Task instructions: Since only part of the material below is wanted, output exactly the lines from the one with "Option: 22894-beige" up to and including the one with "#LTKStyleTip #LTKOver40 #LTKShoeCrush".

Source data:
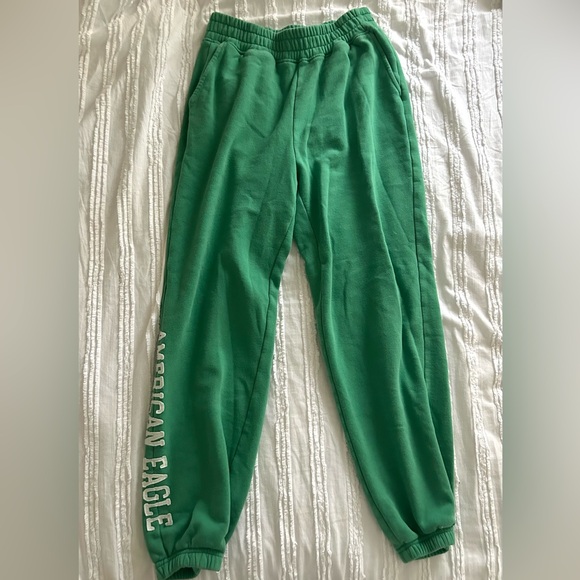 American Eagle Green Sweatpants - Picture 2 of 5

* * *

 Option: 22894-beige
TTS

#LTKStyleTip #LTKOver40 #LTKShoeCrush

Reply:
 Option: 22894-beige
TTS

#LTKStyleTip #LTKOver40 #LTKShoeCrush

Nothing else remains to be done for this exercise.